Antoine Bouvier vient de quitter son poste de Président exécutif du missilier MBDA, après 12 ans passé dans cette fonction, pour prendre la responsabilité de la stratégie, des fusions-acquisitions et des affaires publiques du groupe AIRBUS.

Le 09 Avril 2019, Antoine Bouvier avait accordé sa dernière interview comme Président exécutif de MBDA à la newsletter “SECURITY DEFENSE Business Review” (N°213). La voici:

SDBRNews : Vous venez de présenter les résultats de l’exercice 2018 de MBDA. Comment les qualifiez-vous ?

Antoine Bouvier : Nous pouvons dire que MBDA a réalisé un très bon exercice 2018, doublé d’un carnet de commandes record.
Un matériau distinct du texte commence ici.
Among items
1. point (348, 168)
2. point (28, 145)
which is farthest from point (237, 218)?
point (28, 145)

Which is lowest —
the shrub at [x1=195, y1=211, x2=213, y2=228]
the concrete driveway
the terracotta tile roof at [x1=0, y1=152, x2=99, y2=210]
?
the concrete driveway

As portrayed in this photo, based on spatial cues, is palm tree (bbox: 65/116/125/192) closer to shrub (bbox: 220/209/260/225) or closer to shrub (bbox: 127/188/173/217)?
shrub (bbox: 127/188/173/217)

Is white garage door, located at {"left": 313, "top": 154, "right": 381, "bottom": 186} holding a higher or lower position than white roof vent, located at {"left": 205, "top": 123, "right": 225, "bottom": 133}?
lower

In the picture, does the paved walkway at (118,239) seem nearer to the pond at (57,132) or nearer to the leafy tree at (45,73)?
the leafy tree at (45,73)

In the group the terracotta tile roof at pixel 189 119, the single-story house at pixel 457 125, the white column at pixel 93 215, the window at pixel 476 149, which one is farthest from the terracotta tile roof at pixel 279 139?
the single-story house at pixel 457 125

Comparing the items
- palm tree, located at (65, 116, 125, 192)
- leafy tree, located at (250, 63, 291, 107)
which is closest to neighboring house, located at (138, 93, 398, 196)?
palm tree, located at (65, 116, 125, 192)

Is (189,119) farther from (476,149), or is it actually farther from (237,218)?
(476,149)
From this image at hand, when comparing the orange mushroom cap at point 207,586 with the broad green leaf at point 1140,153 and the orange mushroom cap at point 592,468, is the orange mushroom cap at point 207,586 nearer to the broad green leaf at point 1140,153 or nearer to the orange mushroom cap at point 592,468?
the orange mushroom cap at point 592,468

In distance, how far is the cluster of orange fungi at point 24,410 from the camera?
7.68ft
Grâce à de nouveaux succès sur ses marchés domestiques, MBDA a enregistré l’équivalent de 2,5 Md€ de commandes provenant de ses clients nationaux et 1,5 Md€ à l’Export, portant ainsi notre carnet de commandes à 17,4 Md€. Le chiffre d’affaires de la société a pour sa part légèrement augmenté, atteignant 3,2 Md€, ce qui nous a amené à augmenter nos cadences de production. Notre rentabilité opérationnelle est toujours solide (10% du chiffre d’affaires), ce qui nous permet d’investir dans la préparation du Futur. Le volume important de nouvelles commandes s’est accompagné, tout au long de l’année 2018, de nombreux recrutements au sein de la société, avec près de 1200 nouveaux collaborateurs embauchés à travers l’Europe. MBDA prévoit d’en recruter encore 1000 cette année, dont environ 500 en France. Nous avons travaillé dans le cadre de notre vision stratégique, qui n’a pas changé par rapport aux années précédentes mais qui s’adapte à un environnement qui lui-même a changé, aussi bien au niveau international qu’au niveau européen.
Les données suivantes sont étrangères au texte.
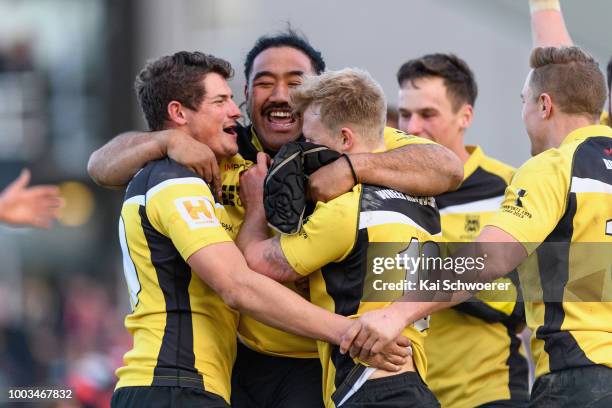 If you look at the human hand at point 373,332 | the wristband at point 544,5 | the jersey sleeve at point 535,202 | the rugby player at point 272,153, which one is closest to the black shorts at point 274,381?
the rugby player at point 272,153

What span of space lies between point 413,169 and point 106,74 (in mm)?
11627

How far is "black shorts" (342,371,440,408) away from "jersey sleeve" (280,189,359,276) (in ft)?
1.63

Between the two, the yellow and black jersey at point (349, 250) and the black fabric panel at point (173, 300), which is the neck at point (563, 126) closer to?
the yellow and black jersey at point (349, 250)

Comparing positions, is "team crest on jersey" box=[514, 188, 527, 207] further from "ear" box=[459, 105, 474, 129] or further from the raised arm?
"ear" box=[459, 105, 474, 129]

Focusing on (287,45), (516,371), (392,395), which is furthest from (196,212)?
(516,371)

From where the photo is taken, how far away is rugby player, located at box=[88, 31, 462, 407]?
435cm

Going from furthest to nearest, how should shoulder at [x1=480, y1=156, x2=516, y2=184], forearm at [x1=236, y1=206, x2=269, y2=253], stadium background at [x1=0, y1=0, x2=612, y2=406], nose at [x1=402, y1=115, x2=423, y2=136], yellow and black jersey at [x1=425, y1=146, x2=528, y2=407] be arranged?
stadium background at [x1=0, y1=0, x2=612, y2=406] → nose at [x1=402, y1=115, x2=423, y2=136] → shoulder at [x1=480, y1=156, x2=516, y2=184] → yellow and black jersey at [x1=425, y1=146, x2=528, y2=407] → forearm at [x1=236, y1=206, x2=269, y2=253]

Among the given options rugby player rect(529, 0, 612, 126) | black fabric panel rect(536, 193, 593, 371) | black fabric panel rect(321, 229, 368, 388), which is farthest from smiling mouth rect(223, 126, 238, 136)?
rugby player rect(529, 0, 612, 126)

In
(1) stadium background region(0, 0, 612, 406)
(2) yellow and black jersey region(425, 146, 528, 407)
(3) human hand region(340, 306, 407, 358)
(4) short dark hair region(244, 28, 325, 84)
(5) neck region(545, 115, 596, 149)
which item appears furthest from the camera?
(1) stadium background region(0, 0, 612, 406)

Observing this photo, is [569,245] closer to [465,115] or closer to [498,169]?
[498,169]

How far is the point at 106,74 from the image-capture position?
1543 centimetres

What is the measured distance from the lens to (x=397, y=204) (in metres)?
4.28

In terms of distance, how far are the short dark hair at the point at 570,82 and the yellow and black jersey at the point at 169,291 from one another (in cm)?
154

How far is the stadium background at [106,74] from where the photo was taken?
1334cm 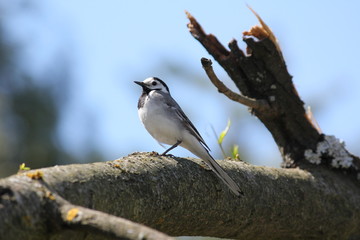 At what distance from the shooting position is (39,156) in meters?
15.3

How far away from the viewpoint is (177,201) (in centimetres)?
344

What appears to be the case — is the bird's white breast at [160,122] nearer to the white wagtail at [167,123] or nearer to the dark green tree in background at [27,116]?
the white wagtail at [167,123]

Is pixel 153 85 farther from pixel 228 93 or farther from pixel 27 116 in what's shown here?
pixel 27 116

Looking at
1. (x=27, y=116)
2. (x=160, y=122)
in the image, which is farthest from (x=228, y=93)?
(x=27, y=116)

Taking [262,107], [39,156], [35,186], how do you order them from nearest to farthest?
[35,186]
[262,107]
[39,156]

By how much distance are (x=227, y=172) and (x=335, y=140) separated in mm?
1726

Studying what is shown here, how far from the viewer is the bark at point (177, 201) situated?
2.50 m

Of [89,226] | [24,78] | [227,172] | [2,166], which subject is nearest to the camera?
[89,226]

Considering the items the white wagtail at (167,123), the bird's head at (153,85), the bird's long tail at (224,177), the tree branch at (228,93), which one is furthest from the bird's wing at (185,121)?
the bird's long tail at (224,177)

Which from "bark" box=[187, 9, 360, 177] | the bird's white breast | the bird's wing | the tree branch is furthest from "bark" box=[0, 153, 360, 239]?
the bird's white breast

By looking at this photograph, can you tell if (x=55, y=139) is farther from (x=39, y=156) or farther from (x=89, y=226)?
(x=89, y=226)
Pouvez-vous préciser votre vision stratégique ?

Antoine Bouvier : Le principe de notre vision stratégique est toujours articulé autour des trois cercles : le cercle national qui est le cercle de la souveraineté dans chacun des pays de MBDA (Allemagne, Espagne, France, Italie et Royaume-Uni), le cercle européen qui est le cercle de la coopération et le cercle international qui concerne l’Export hors-Europe mais aussi des coopérations. Il faut souligner que c’est l’international hors-Europe qui nous a permis depuis des années d’atteindre la taille critique pour concurrencer les grands missiliers, en particulier les américains (Raytheon et Lockheed Martin), et qui nous permet d’apporter à chacun des pays du cercle national le soutien au développement et la garantie de leur souveraineté. Rappelons que MBDA est la seule entreprise européenne dont la taille est équivalente à celle de ses concurrents américains sur son domaine : MBDA fait 20% du marché mondial tactique. Cette taille critique nous apporte les ressources nécessaires (technologiques, humaines et financières) au développement sur le long terme et, en particulier, la capacité à être présent sur l’ensemble de la gamme et sur l’ensemble des marchés.
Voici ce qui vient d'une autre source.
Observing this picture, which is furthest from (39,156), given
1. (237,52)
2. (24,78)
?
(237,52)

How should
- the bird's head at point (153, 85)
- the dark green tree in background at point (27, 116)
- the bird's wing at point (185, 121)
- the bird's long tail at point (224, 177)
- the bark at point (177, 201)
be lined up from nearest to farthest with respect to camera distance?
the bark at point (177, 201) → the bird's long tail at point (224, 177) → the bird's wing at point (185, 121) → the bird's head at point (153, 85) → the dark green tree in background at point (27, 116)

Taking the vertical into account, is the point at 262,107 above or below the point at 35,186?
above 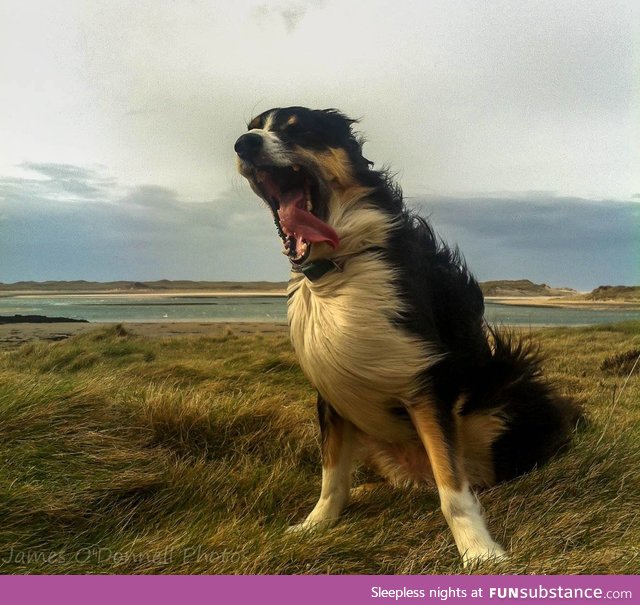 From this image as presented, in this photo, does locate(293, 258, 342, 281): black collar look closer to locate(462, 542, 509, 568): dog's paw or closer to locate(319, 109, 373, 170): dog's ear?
locate(319, 109, 373, 170): dog's ear

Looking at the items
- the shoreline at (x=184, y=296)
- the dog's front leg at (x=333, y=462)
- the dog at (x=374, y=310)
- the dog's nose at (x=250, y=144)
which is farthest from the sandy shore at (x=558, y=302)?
the dog's nose at (x=250, y=144)

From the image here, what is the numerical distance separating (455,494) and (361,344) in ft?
2.11

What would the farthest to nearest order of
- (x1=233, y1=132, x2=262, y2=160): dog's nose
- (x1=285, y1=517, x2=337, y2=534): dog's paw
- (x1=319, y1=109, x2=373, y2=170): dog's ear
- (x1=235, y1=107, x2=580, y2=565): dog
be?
1. (x1=285, y1=517, x2=337, y2=534): dog's paw
2. (x1=319, y1=109, x2=373, y2=170): dog's ear
3. (x1=235, y1=107, x2=580, y2=565): dog
4. (x1=233, y1=132, x2=262, y2=160): dog's nose

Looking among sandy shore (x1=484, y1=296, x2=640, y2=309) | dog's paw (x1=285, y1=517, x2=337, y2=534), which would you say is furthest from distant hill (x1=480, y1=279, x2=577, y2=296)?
dog's paw (x1=285, y1=517, x2=337, y2=534)

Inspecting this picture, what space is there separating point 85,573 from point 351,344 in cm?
127

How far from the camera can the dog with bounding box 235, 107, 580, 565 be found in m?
2.29

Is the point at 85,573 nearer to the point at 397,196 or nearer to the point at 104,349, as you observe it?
the point at 397,196

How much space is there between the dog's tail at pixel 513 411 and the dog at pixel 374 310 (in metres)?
0.01

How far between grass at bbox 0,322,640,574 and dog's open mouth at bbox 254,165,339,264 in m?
1.12

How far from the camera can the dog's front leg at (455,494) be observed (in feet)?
7.47

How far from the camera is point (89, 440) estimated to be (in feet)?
9.68

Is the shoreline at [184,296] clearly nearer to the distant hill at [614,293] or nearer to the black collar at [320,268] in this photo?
the distant hill at [614,293]

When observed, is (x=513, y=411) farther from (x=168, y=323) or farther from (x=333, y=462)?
(x=168, y=323)

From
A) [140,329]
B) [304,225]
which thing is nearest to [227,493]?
[304,225] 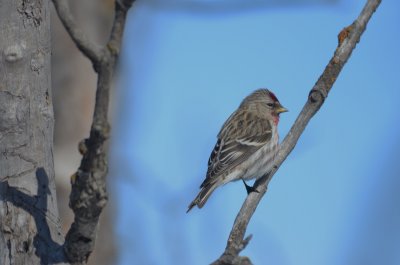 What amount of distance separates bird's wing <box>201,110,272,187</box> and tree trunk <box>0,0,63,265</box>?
325cm

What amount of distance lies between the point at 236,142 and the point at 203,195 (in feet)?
4.43

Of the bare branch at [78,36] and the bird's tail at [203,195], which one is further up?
the bare branch at [78,36]

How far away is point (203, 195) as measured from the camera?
6.19 m

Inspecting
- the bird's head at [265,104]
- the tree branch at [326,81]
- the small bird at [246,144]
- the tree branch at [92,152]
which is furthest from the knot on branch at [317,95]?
the bird's head at [265,104]

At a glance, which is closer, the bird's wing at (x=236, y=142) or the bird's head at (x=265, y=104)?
the bird's wing at (x=236, y=142)

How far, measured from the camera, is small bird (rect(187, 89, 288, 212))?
21.7 feet

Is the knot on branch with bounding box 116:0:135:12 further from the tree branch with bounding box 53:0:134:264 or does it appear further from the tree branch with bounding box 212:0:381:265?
the tree branch with bounding box 212:0:381:265

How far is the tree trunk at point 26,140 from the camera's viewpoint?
10.0 ft

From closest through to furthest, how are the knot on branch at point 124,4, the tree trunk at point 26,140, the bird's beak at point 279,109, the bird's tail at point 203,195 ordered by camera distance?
the knot on branch at point 124,4
the tree trunk at point 26,140
the bird's tail at point 203,195
the bird's beak at point 279,109

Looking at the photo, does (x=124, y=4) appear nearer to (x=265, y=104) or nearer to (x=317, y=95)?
(x=317, y=95)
A quelles évolutions de l’environnement faisiez-vous allusion ? 

Antoine Bouvier : Nous sommes dans un environnement plus compliqué que les années précédentes. Sur le marché Export, la concurrence est forte et il y a des questions et des incertitudes sur les licences export. Nous avons l’ambition d’atteindre un chiffre d’affaires de 4Md€ en 2020, chiffre d’affaires atteignable du fait de nos prises de commandes, mais objectif menacé par les restrictions de licences d’exportation hors Europe auxquelles nous sommes présentement confrontés… Au plan européen, nous ne pouvons pas ne pas penser au Brexit, mais nous constatons aussi des pressions nationales dans d’autres pays que le Royaume-Uni. Dans cet environnement, MBDA a constaté un rééquilibrage de ses activités entre le domestique (en fait l’européen) et celles que nous avons en dehors de l’Europe. Dans les années précédentes, notre activité hors Europe était plus importante que notre activité intra-européenne. En 2018 a commencé un mouvement qui va se prolonger sur les prochaines années et qui nous permettra de renforcer la base technologique européenne et le développement de nouveaux produits ; cela signifie plus de technologies, plus d’investissements et plus de programmes en Europe, dans chacun de nos pays, pour préparer les nouvelles générations de produits, attendues par les Forces armées européennes et extra-européennes.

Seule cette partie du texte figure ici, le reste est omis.